Visual Sensor Networks (VSNs)
There exist two types of stationary visual sensor networks. Camera networks employ surveillance cameras – 40 million in the US alone (statista.com, 2014). Such networks capture visual data with excellent spatio-temporal resolution, long range, wide field of view and low latency, and therefore hold a great potential for pervasive wide-area monitoring with applications in security, environmental monitoring, traffic analysis, etc. However, the processing of this rich source of information is becoming unsustainable due to the sheer amount of captured data; autonomous systems are needed to assure scalability. However, camera networks may not be suitable for scenarios requiring privacy. In recent years, light-sensing networks have been proposed, where cameras are replaced by extremely low-resolution (even single-pixel) light sensors that do not collect clearly discernible visual traits. Such networks have been proposed for indoor localization, tracking and activity recognition, but due to their low-resolution require novel computational algorithms.
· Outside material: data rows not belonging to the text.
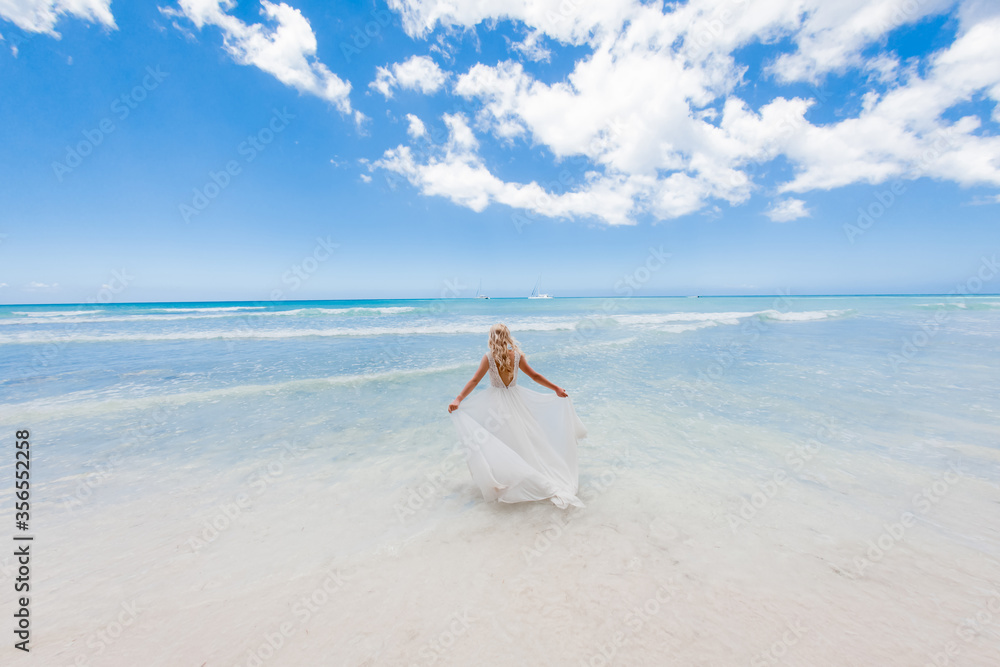 Bride back view in a white wedding dress walking on the sandy caribbean beach landscape on sunny day in Dominican republic Bride back view in a white wedding dress walking on the sandy caribbean beach landscape on sunny day in Dominican republic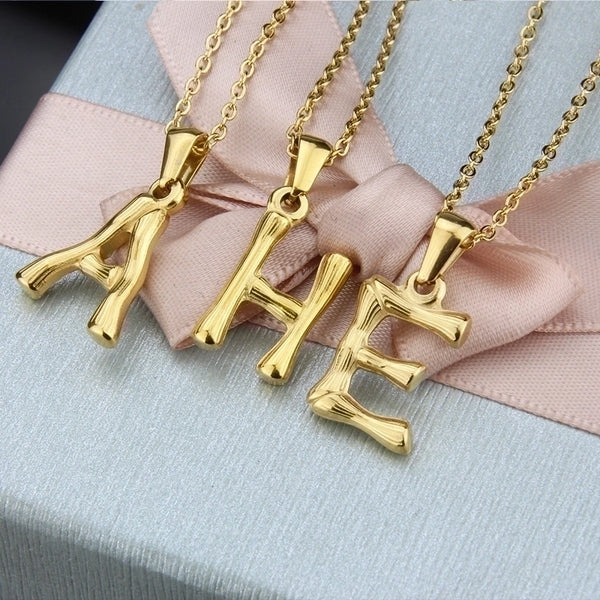 Platform New Stainless Steel Antique Slub-shaped 26 Letter Necklace Hot Gold English Titanium Steel Pendant Wholesale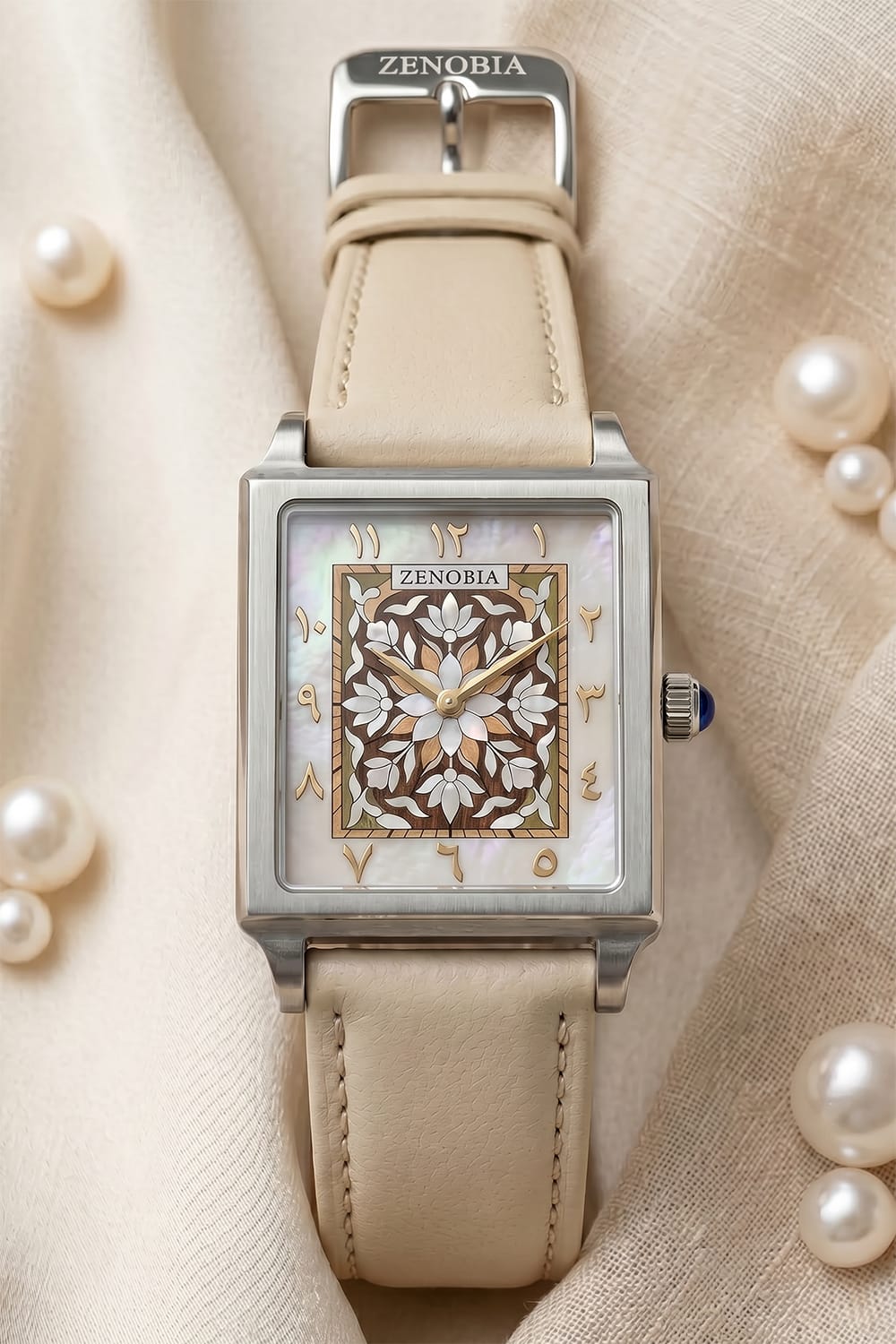 Ivory-strapped Zenobia watch surrounded by softly luminous pearls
In this research thrust, we develop statistical models and methods for visual data analysis in a networked setting, for example localization and tracking of people indoors, activity recognition, abnormal behavior detection, etc. Below are listed some ongoing and recent projects.
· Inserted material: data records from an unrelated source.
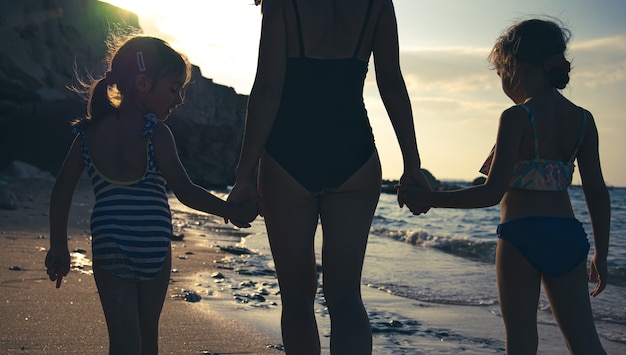 Mamma e due figlie piccole camminano lungo la riva del mare in costume da bagno, tenendosi per mano. Vee dal retro.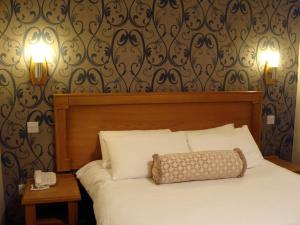 Cluain Eois克赖顿酒店 的卧室配有一张带两盏灯的墙壁床。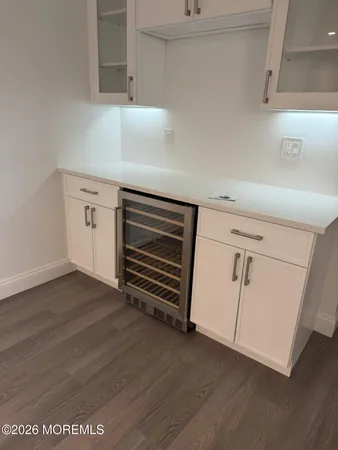 a view of an empty room with wooden floor and cabinets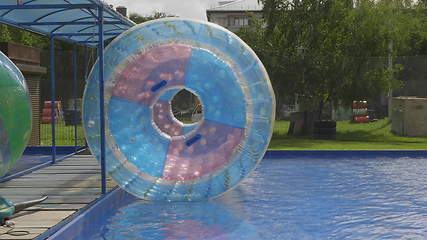 Image showing Plastic zorbing ball on the lake water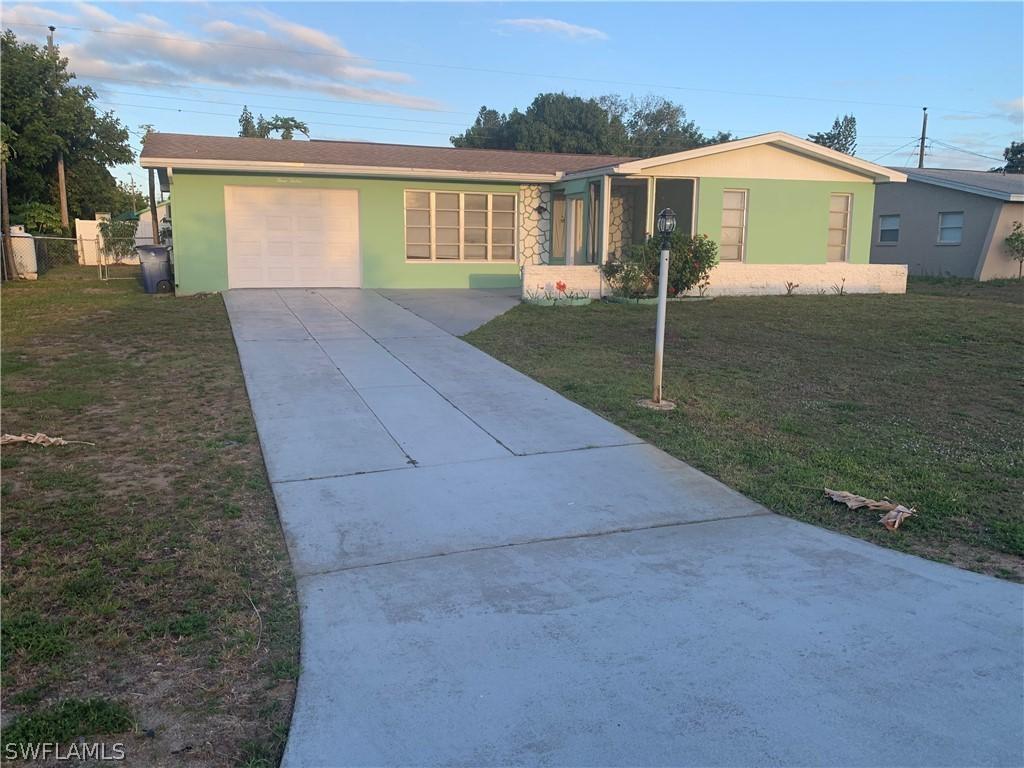 312 Morgan Cir., Lehigh Acres, FL 33936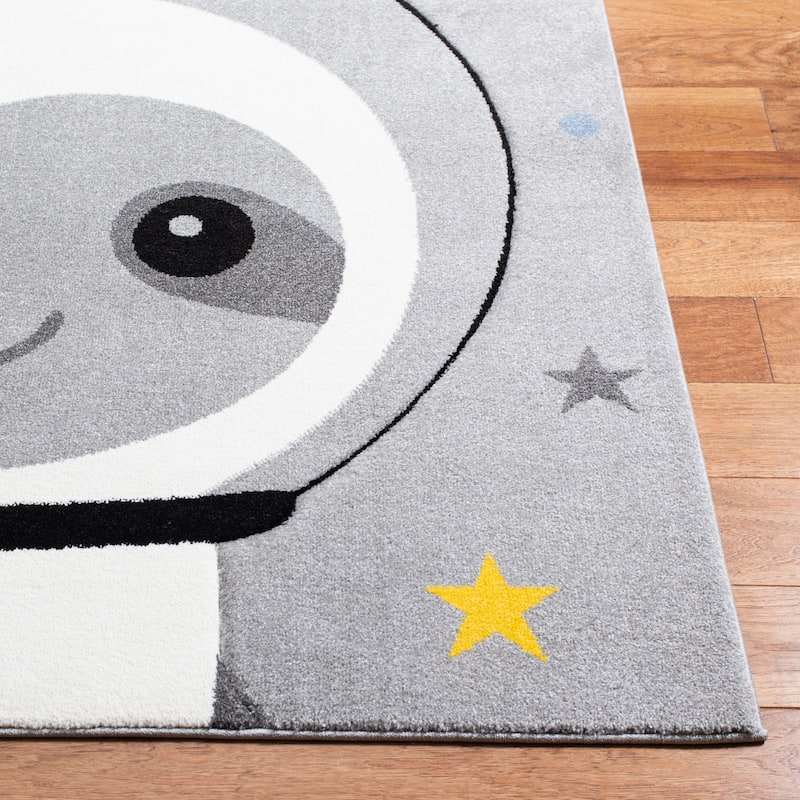 SAFAVIEH Carousel Kids Tatieana Sloth Astronaut Rug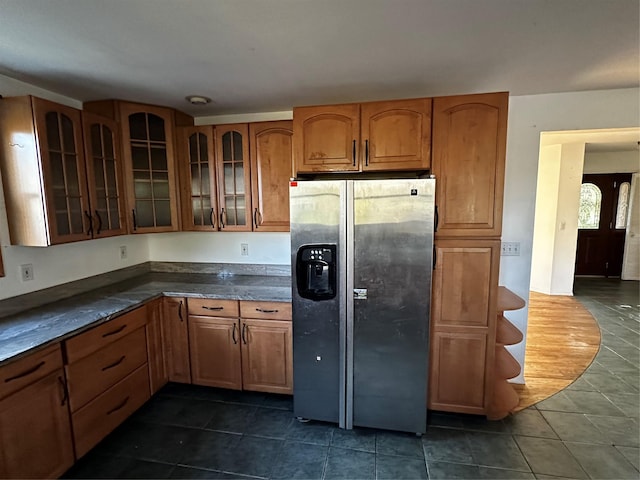 kitchen featuring dark tile patterned flooring and stainless steel fridge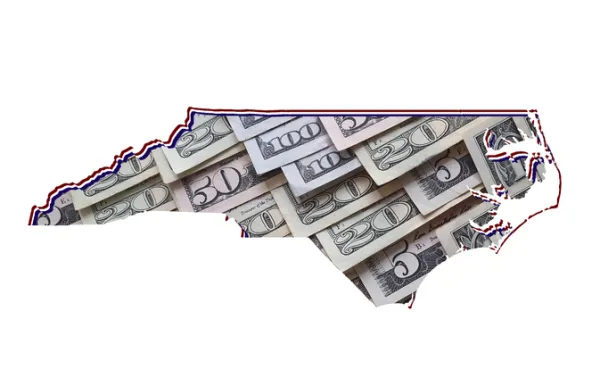 American dollar banknotes forming the map of North Carolina State and white background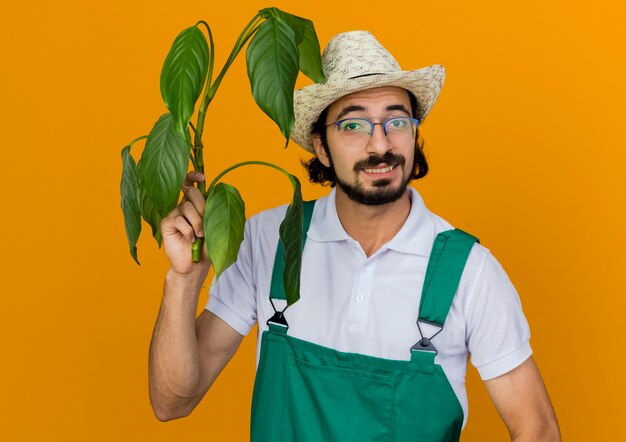 Jardineiro sorridente com óculos óticos e chapéu de jardinagem segurando a planta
- Background Subtraction: Extraction of areas of interest, from the standpoint of scene dynamics, in camera’s field of view.
- Behavior Subtraction: Extension of the concept of background subtraction to stationary dynamics.
- Action Recognition: Classification of dynamics occurring in camera’s field of view.
- Coastal Video Surveillance: Detection, classification and summarization of salient events in coastal environments.
- Privacy-Preserving Smart-Room Analytics: Detection, localization and recognition of human activities, actions, gestures, etc. from very low resolution data to preserve user privacy.
- Computational Occupancy Sensing SYstem (COSSY): Localization of occupants in a commercial venue with the goal of adjusting HVAC operation and saving energy.
The covariance-based framework for action recognition developed by Ph.D. candidate Kai Guo and Profs. Prakash Ishwar and Janusz Konrad has captured two international awards. One of its variants, based on silhouette tunnels was the winner of the “Aerial View Activity Classification Challenge” within the “Semantic Description of Human Activity” contest at the 2010 International Conference on Pattern Recognition (read more), while another one, based on optical flow, received the bast paper award at the 7th IEEE International Conference on Advanced Video and Signal-Based Surveillance (read more).
Prof. Konrad along with Prof. Saligrama and Prof. Jodoin of the University of Sherbrooke, Canada were featured in a BU Engineering article “ECE Researchers Devise Improved Video Surveillance Method” discussing their work on video anomaly detection published in September 2010 issue of the IEEE Signal processing Magazine.